--- GIVEN DATA Enclosed Below ---

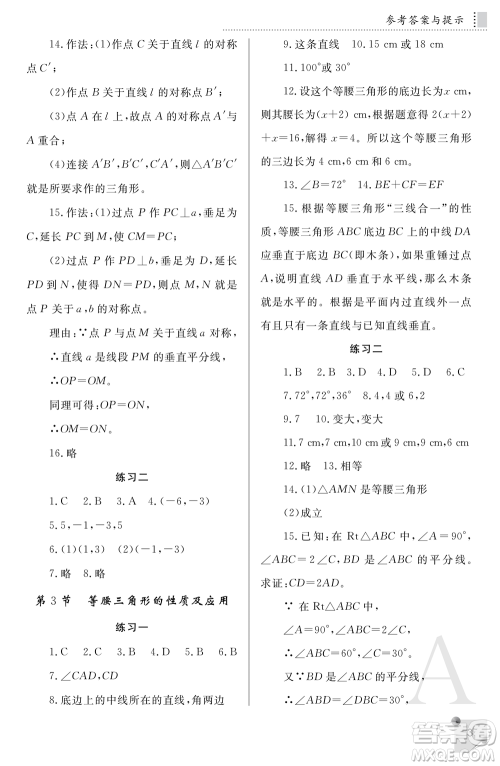 陕西师范大学出版总社2021课堂练习册八年级数学上册A人教版答案 陕西师范大学出版总社2021课堂练习册八年级数学上册A人教版答案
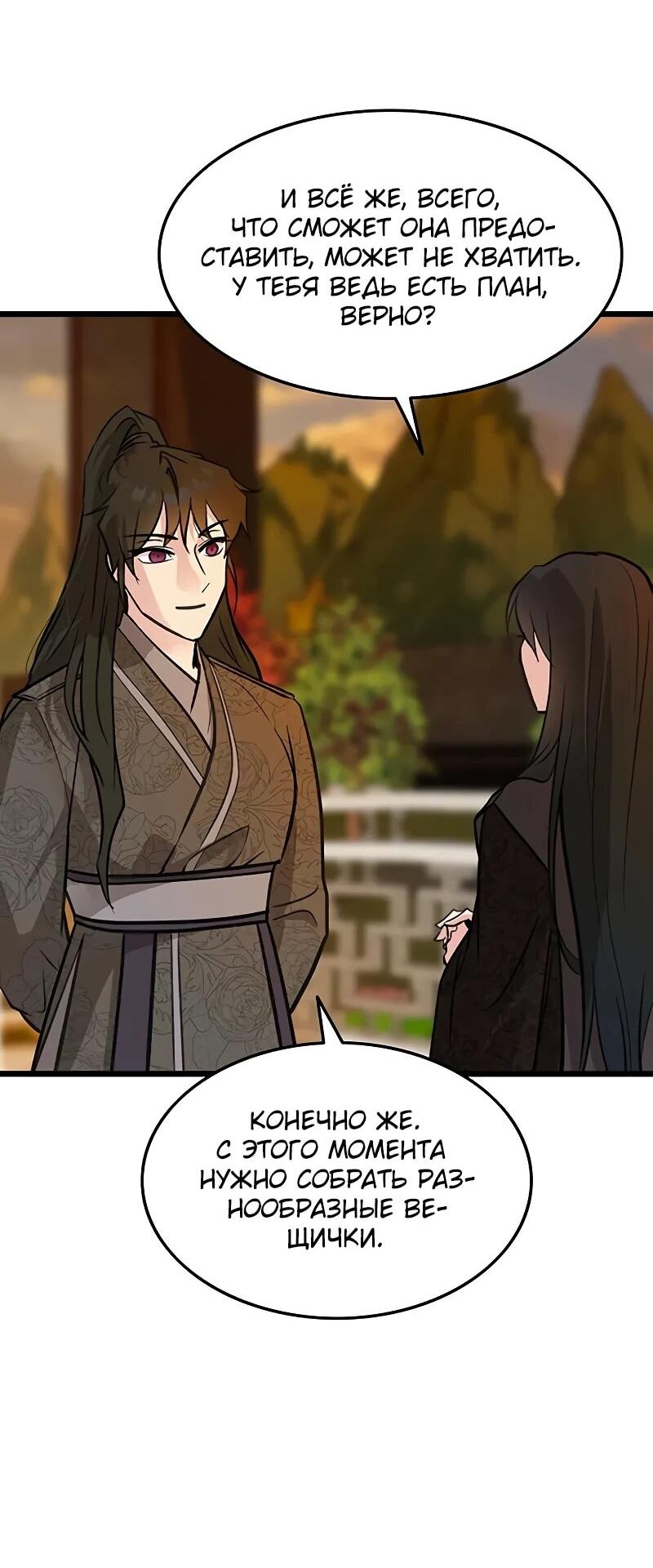 Манга Моя жена — лидер демонического культа - Глава 49 Страница 35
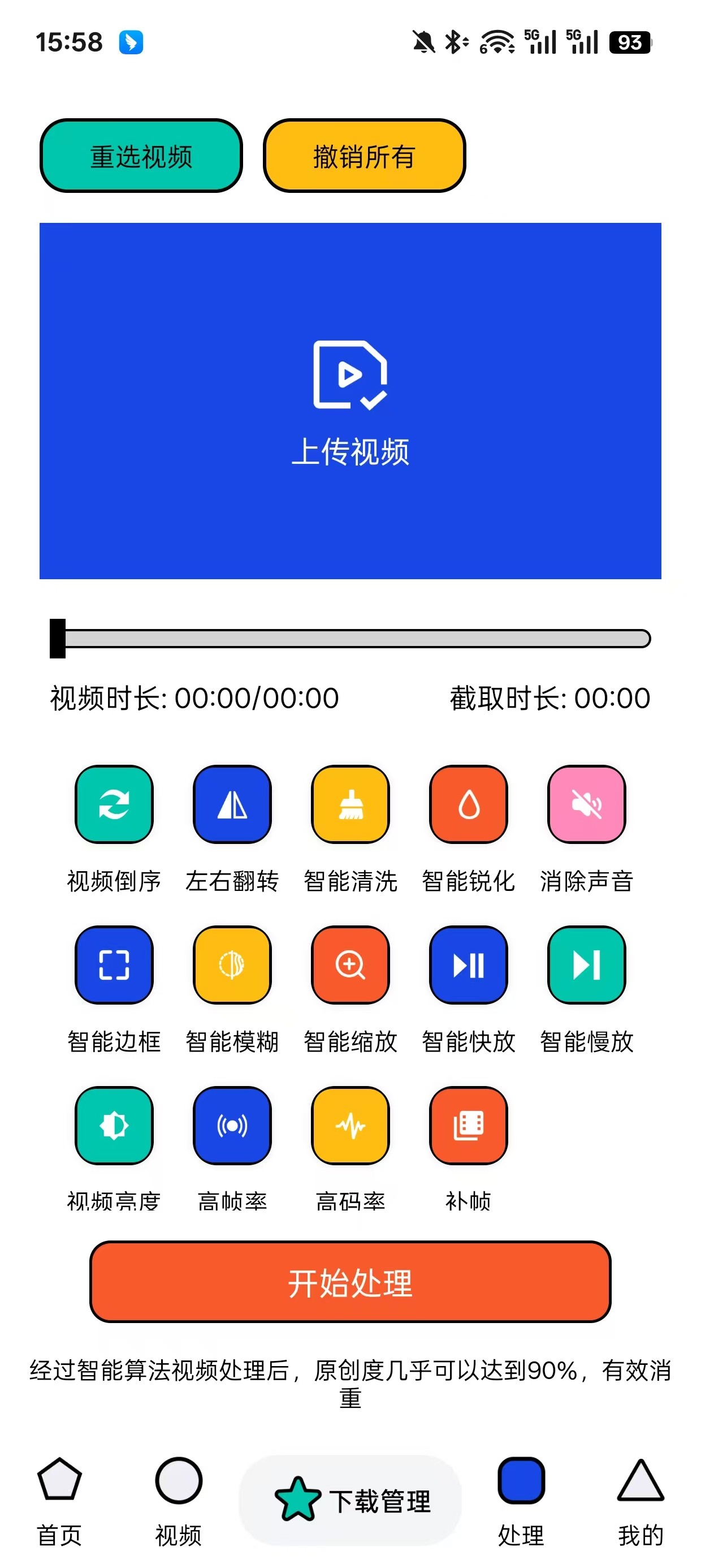 【安卓】泡泡熊下载 下载神奇支持56种下载协议1.0.7解锁会员版【107MB】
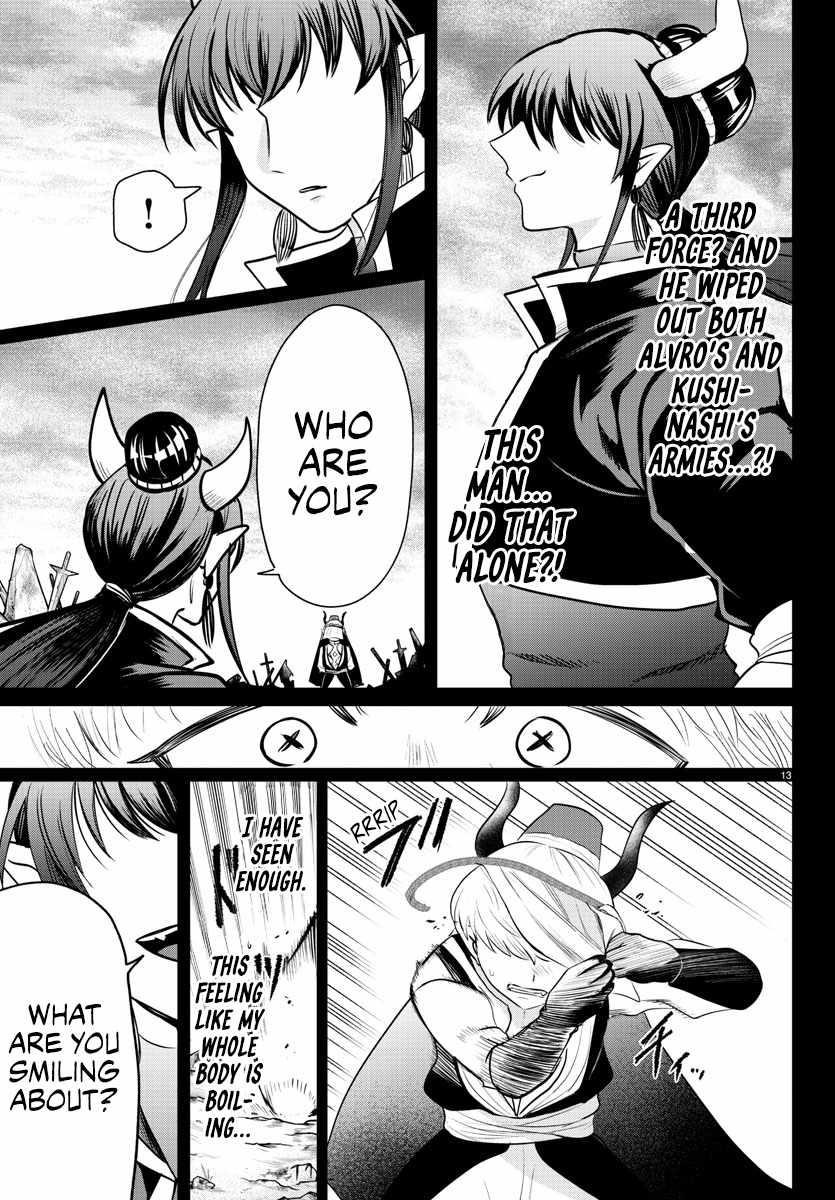 Mairimashita! Iruma-kun - Chapter 358 Page 13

--- End of Enclosed GIVEN DATA ---

Pictures excluded, output exactly the line that contains "Манга Моя жена" and every line after it to the end of the data above.

### RESPONSE TO THIS EXERCISE
 Манга Моя жена — лидер демонического культа - Глава 49 Страница 35
 【安卓】泡泡熊下载 下载神奇支持56种下载协议1.0.7解锁会员版【107MB】
 Mairimashita! Iruma-kun - Chapter 358 Page 13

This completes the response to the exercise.